A little more details
Lets be honest here. Sending email is getting more and more complicated. There are a lot of things to care about: you have to set up SPF records in your DNS in which you list all IP addresses from which you send out email, you need rotating public/private key pairs for DKIM signatures, and you also want to set up DMARC records in your DNS so that the world knows that you are the only one who uses your domain to send mail.
With "sender domains" SMTPeter takes all these responsibilities out of your hands. We create your SPF, DKIM and DMARC records and store them on our DNS servers. All that you have to do is create a couple of records in your DNS record (or ask/instruct your DNS provider to do so) that points to our records.

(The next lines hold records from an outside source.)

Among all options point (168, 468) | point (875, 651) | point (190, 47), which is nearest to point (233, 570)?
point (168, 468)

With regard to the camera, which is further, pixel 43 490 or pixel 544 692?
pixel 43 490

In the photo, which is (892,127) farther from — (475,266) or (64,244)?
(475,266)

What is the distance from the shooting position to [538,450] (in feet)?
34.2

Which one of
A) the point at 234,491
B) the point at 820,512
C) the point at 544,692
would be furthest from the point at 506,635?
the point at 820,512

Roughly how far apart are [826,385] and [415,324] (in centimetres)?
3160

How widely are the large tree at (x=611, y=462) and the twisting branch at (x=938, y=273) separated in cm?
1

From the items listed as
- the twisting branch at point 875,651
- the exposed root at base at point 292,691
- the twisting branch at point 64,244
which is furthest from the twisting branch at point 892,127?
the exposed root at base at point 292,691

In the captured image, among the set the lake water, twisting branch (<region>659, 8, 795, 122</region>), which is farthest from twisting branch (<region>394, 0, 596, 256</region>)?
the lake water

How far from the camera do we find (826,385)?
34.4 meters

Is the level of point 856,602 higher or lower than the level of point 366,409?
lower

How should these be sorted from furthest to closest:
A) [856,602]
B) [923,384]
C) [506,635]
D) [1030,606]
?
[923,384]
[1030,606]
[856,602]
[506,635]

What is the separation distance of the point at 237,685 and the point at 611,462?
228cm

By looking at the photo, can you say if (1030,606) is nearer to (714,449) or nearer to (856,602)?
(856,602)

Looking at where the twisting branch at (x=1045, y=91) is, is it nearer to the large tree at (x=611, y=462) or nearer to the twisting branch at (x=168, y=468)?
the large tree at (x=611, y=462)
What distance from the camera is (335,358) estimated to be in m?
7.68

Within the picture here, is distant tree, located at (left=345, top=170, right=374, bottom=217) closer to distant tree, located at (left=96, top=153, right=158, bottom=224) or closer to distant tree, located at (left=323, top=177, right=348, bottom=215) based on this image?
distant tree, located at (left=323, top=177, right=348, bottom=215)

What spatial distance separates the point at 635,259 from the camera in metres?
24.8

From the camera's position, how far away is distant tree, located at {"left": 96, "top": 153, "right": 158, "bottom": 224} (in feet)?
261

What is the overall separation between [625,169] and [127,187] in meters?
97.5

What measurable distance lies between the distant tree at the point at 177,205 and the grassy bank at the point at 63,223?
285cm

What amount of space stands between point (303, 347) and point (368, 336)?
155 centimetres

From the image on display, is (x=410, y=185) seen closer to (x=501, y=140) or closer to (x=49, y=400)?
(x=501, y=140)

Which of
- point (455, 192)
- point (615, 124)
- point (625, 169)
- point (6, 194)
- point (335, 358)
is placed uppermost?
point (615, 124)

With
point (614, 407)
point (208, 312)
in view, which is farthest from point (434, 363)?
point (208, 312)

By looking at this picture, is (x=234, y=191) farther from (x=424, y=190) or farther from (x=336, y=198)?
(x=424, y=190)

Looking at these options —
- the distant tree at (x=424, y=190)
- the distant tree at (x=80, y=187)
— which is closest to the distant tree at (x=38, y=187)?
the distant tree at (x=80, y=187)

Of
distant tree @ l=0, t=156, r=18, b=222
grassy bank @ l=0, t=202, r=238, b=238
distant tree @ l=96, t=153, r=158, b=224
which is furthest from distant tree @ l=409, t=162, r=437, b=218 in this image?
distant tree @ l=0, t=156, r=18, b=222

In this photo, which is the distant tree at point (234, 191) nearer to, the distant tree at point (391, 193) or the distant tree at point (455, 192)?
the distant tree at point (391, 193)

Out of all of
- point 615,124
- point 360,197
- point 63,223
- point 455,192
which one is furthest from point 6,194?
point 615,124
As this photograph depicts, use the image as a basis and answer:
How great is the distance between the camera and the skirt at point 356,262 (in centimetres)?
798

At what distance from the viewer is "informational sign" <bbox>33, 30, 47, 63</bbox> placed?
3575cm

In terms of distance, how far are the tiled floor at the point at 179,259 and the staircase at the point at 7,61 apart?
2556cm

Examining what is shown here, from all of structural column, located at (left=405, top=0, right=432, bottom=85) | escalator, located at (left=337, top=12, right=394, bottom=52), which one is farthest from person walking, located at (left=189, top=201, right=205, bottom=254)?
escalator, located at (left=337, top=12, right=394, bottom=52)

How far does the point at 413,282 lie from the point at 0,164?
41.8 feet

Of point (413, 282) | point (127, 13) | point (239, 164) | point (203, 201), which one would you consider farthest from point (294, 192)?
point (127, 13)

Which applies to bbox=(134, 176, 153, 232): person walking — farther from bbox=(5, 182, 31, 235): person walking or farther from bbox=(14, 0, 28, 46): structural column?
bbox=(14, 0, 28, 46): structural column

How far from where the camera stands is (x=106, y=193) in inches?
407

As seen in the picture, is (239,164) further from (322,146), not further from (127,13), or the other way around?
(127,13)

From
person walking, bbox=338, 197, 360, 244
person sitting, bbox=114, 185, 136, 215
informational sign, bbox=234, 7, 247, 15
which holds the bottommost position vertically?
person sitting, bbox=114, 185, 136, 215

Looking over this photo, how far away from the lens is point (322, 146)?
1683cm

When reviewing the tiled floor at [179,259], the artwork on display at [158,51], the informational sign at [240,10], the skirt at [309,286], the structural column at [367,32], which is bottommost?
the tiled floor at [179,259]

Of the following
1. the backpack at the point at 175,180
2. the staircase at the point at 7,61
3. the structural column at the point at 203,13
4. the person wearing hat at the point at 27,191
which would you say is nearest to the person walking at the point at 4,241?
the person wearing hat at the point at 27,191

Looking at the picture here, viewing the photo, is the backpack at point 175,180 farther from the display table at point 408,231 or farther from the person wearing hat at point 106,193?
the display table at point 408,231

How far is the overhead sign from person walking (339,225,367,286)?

If we make a change to the DNS (for example, because we rotate one of your private DKIM keys), it gets automatically propagated over the internet, because your DNS records just point to our records.
In our DNS (using *.smtpeter.com subdomains) we set up the following records:
- SPF records that list all IP addresses from which you send email
- DKIM keys with your public keys that we rotate once a month
- DMARC records with your DMARC policies
We ask you to set up CNAME records and other aliases in your DNS to refer to these records.
The "from" address
For each sender domain we host the public DKIM keys in our DNS. We also have a copy of the private key on our servers so that we can add a DKIM signature to each mail that flows through the SMTPeter servers.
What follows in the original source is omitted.